All the science channels are flooded with commercials for something called Dragon, a voice recognition program. Every time I see a commercial for this I wonder about two things: Can the software really listen to and distinguish words as easily as the commercial shows and does natural speech translate well into a business memo or book report?
I ask because I once saw a demonstration of a voice recognition program (don’t remember if it was Dragon) and that thing could not understand a word I said. I’m from The Bronx and I talk fast. The program had a real problem with my natural speech patterns and the demonstrator had to instruct me (and others) to change the way we spoke into something not very natural at all.
Plus, I’ve seen people write business correspondence the same way that they speak and. . . it is not pretty. We don’t really write the same way we speak.
The demonstration I was at was many, many years ago so the programs could have improved significantly and perhaps I’m wrong about writing the same way we speak. What say you?
Normally voice recognition software makes you go through a “training phase” where you read a bunch of stuff and it saves a profile unique to your voice, so that in theory it can understand you better.

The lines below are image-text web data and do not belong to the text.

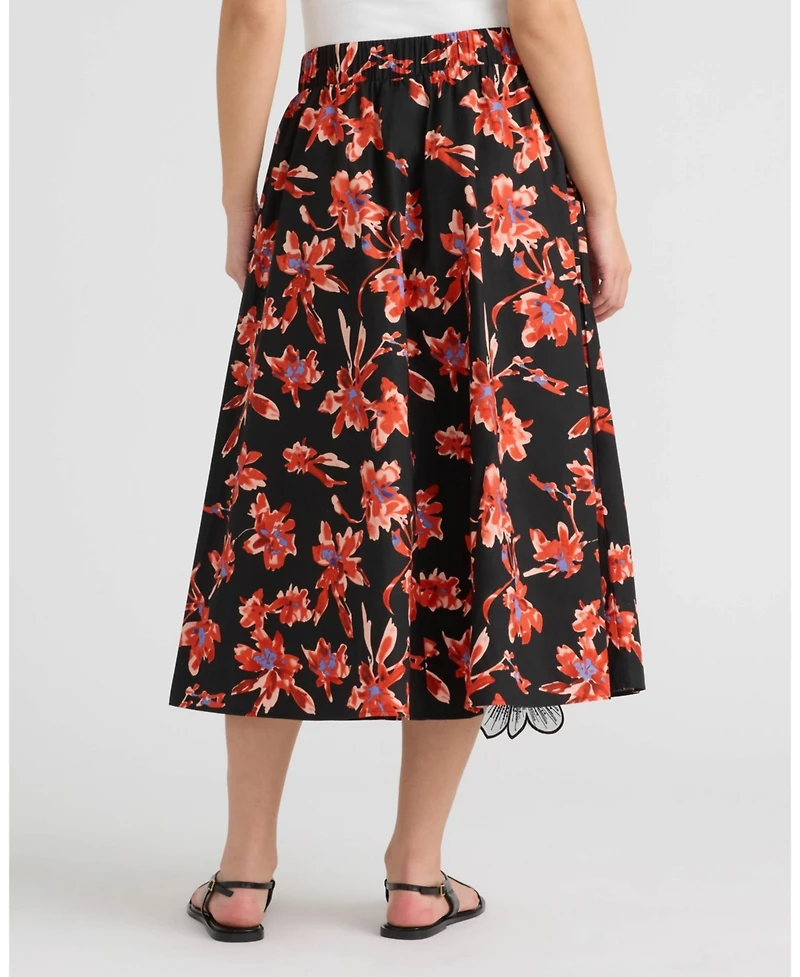 Nvlt Women's Floral Applique Midi Skirt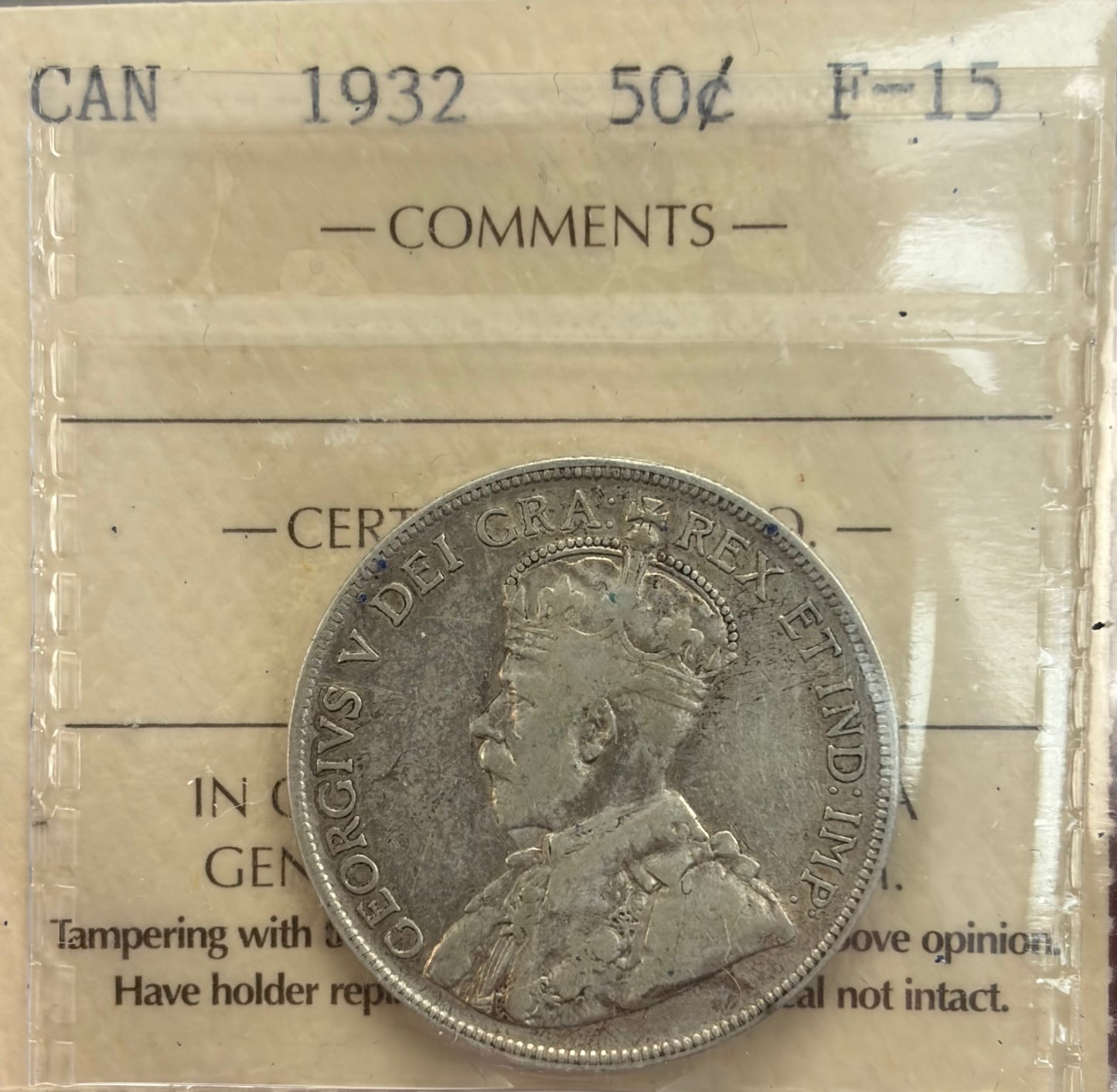 1932 Canada 50 Cents Silver Half Dollar | ICCS F-15 | George V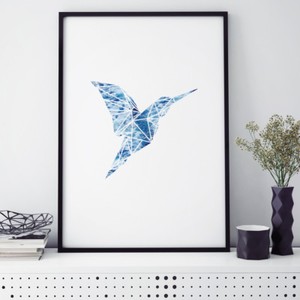 Details Zu Juniwords Poster Mit Rahmen Origami Kolibri Geschenk Geburtstag Tiere Natur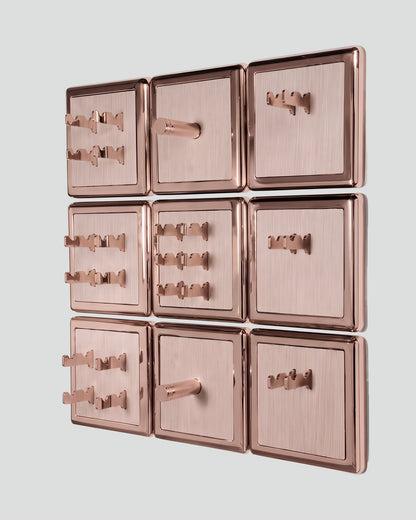 ALAMA twelve-module wall configuration example in ALPI Striped White and rose gold metal, storage-only view. Standard offer: nine modules.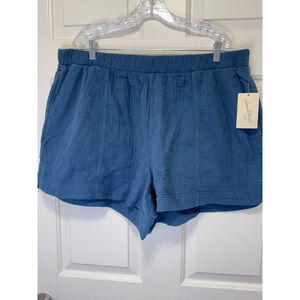 Women's Universal Thread Blue Gauze Pull-On Shorts 1X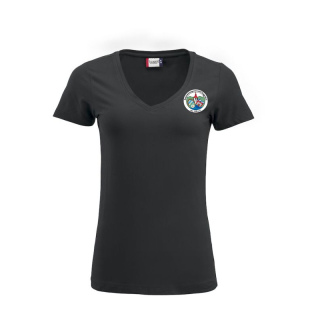 Hauptschützengesellschaft Deggendorf Damen Shirt V-Neck schwarz Brustlogo gestickt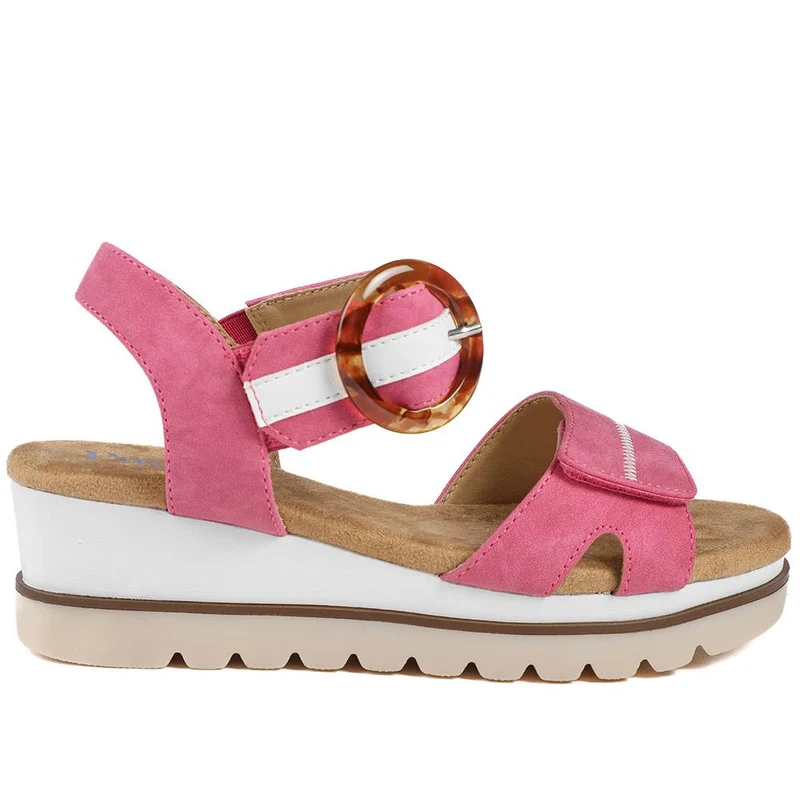 Comfortable Wedge Heel Sandals - WBINS35128 / 321 724 - Pink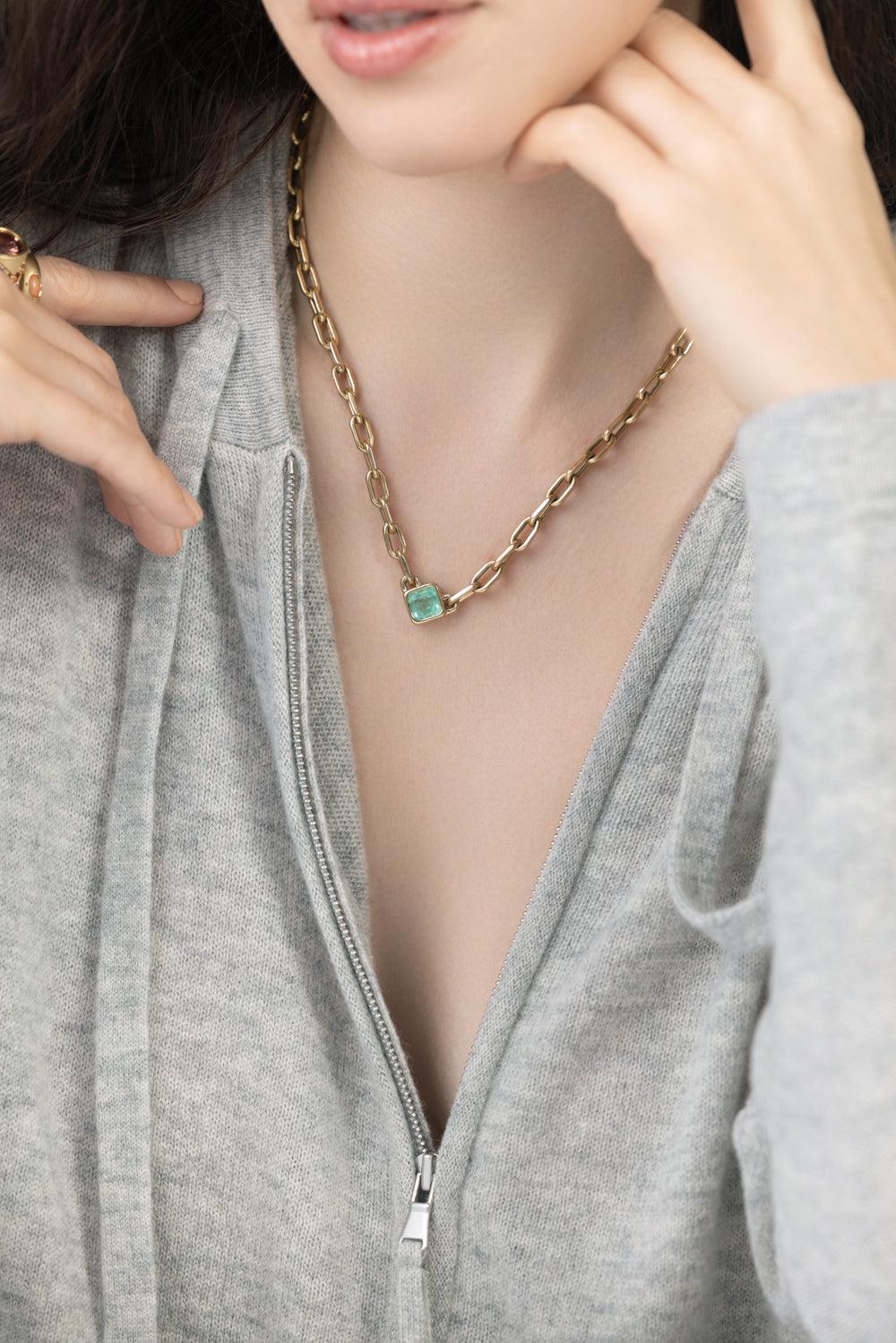 Emerald Bezel Necklace-YELLOW GOLD-JEWELRYFINE JEWELNECKLACE O-MEREDITH YOUNG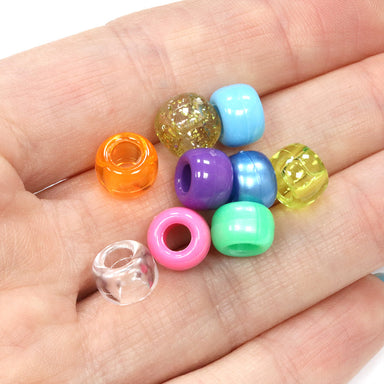 kids plastic mix of coloured  pony beads with large holes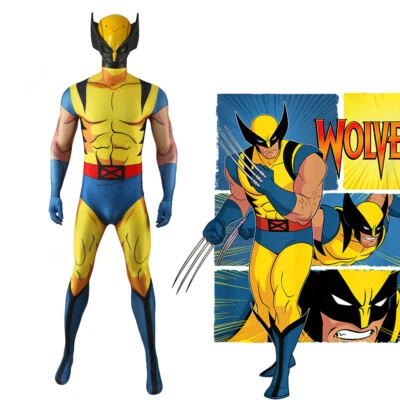 X-Men '97 Wolverine Juegos con disfraces Mono Adulto Niños Body Halloween Escenario Disfraz Foto 1 de 4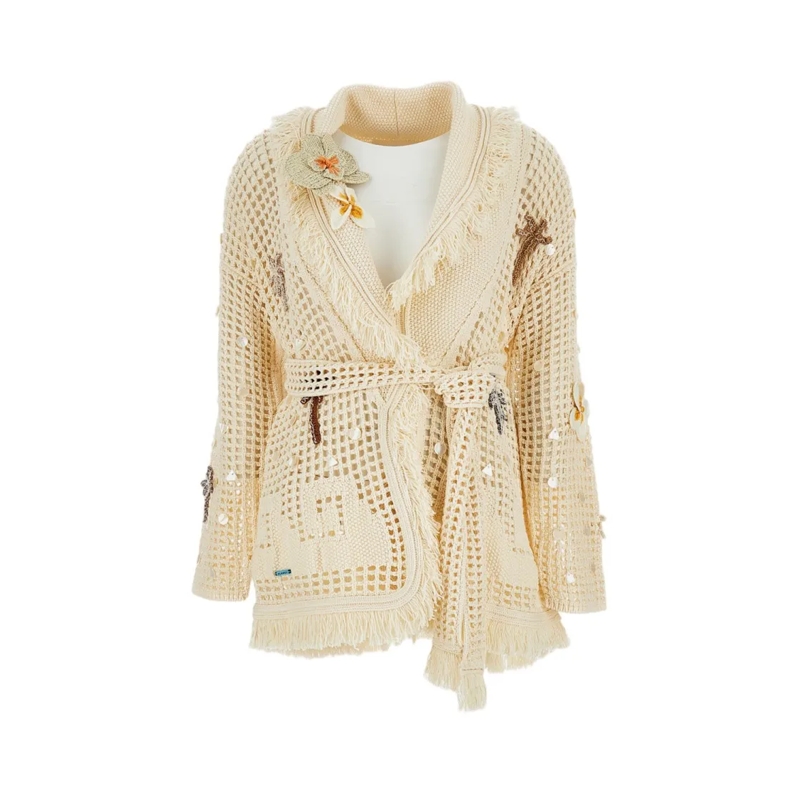 Alanui Strickjacke Where The Waves Begins Long Cardigan Neutrals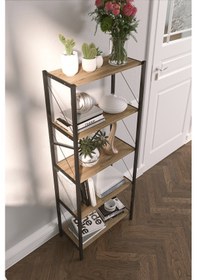 Resim 5 Raflı Dekoratif Metal Kitaplık Atlantik Çam 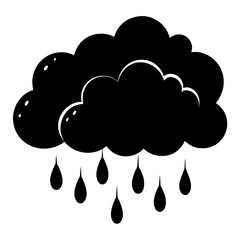 Solid black silhouette of rain clouds for weather design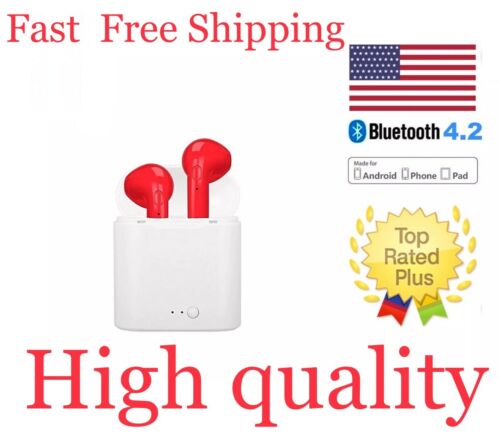 Bluetooth Wireless Headset i7s TWS Earbuds w Charger Box- US Seller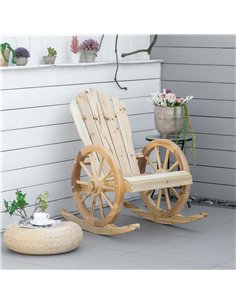 Outsunny 2 Piece Wooden Adirondack Rocking Chair Reclining Armchair Outdoor Garden Furniture Patio Porch Rocker - Natural 2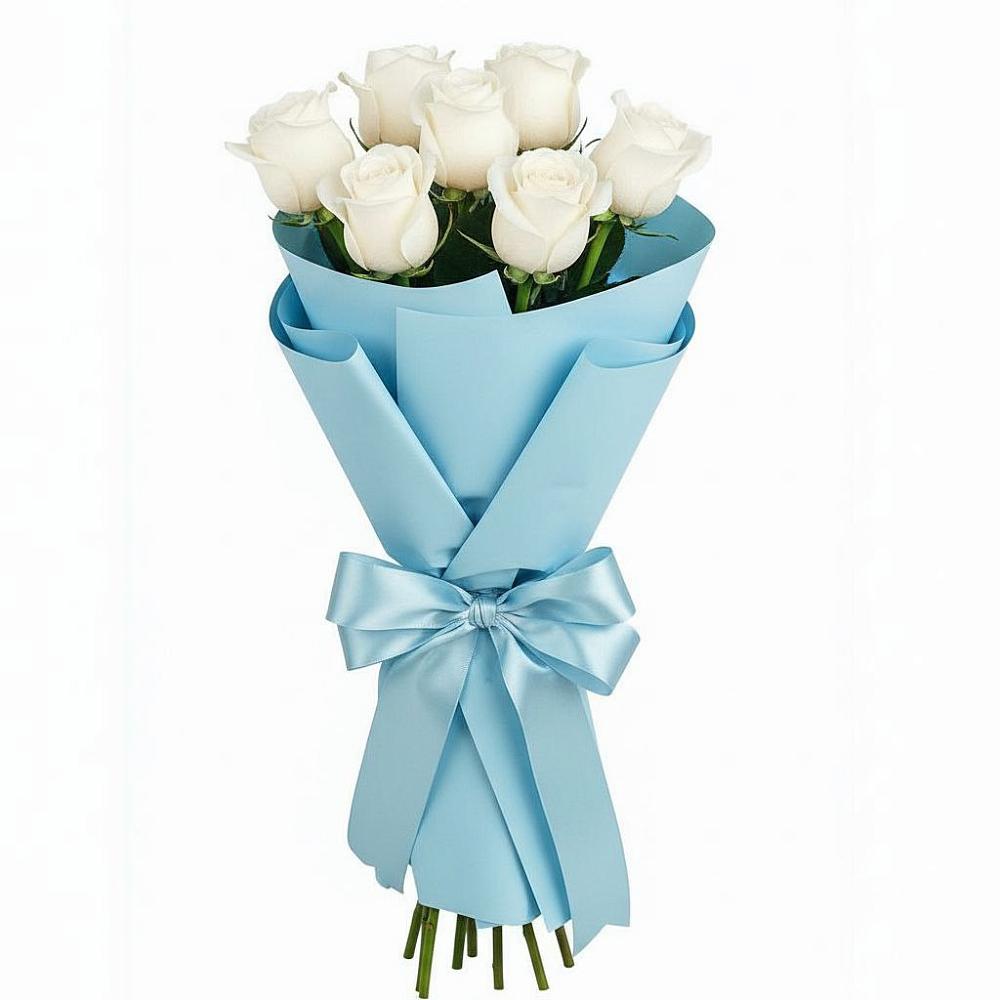 Букет 7 белых роз Проуд в Хакуринохабль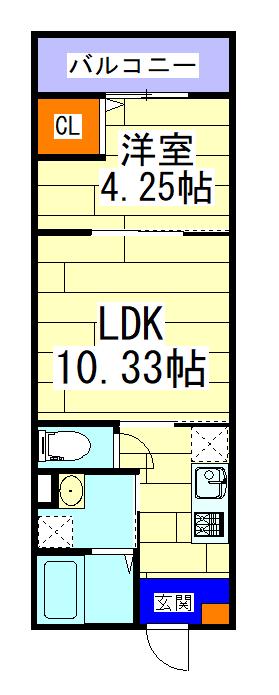 LIEN(1LDK/3階)の間取り写真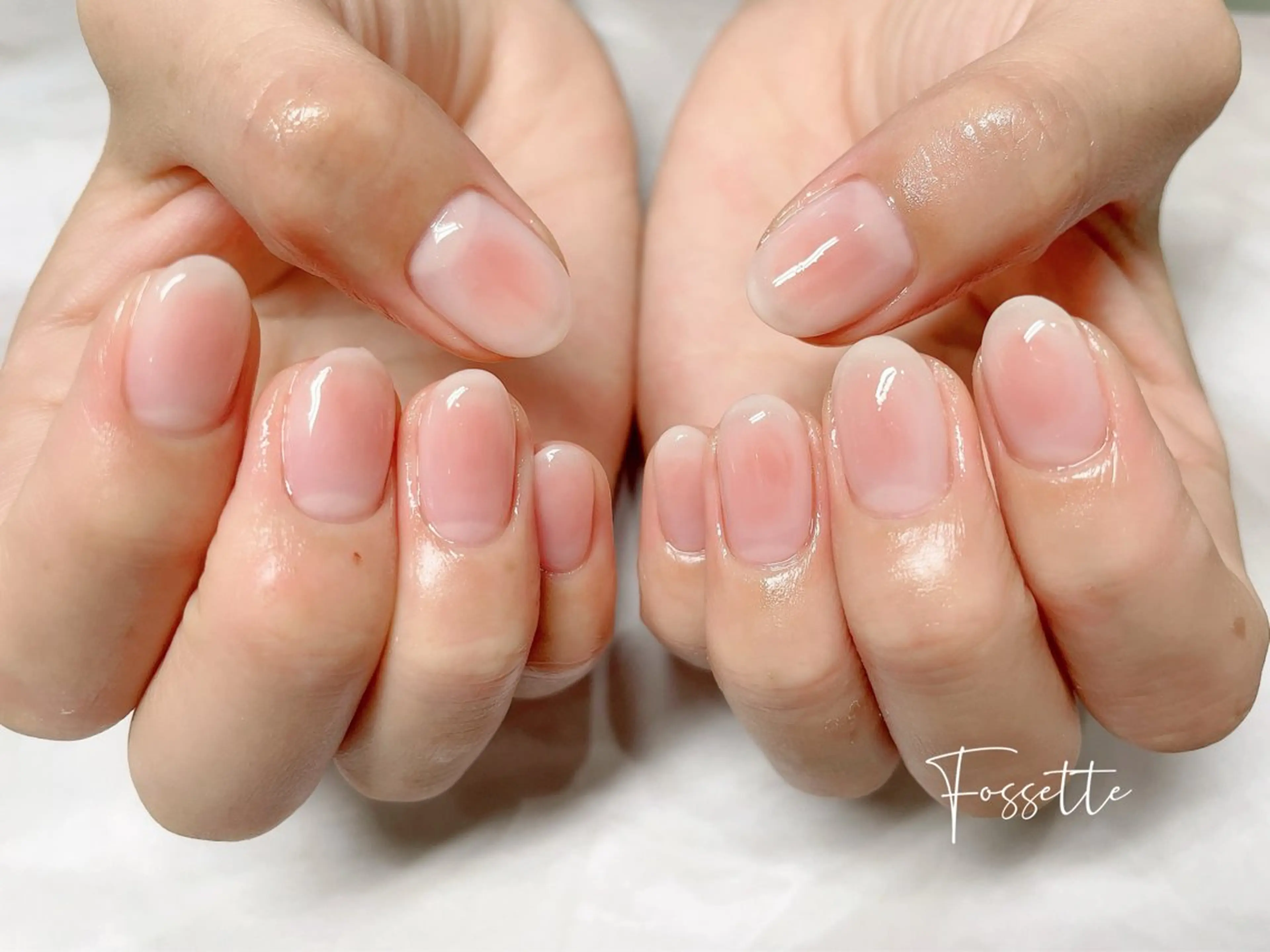 ネイル チークネイル オフィスネイル シンプルネイル nailsalon Fossetteのネイルデザイン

The problem is that even within an individual there’s so much variation in the way you sound that it’s never going to be perfect (and don’t even start with homonyms!). It helps if you make a concerted effort to say everything in your clearest, most monotone voice possible. But that’s not an effort I particularly want to make - and even if that wasn’t necessary I still feel like speaking is more effort than manipulating a good old-fashioned mouse and keyboard. But maybe that’s just me.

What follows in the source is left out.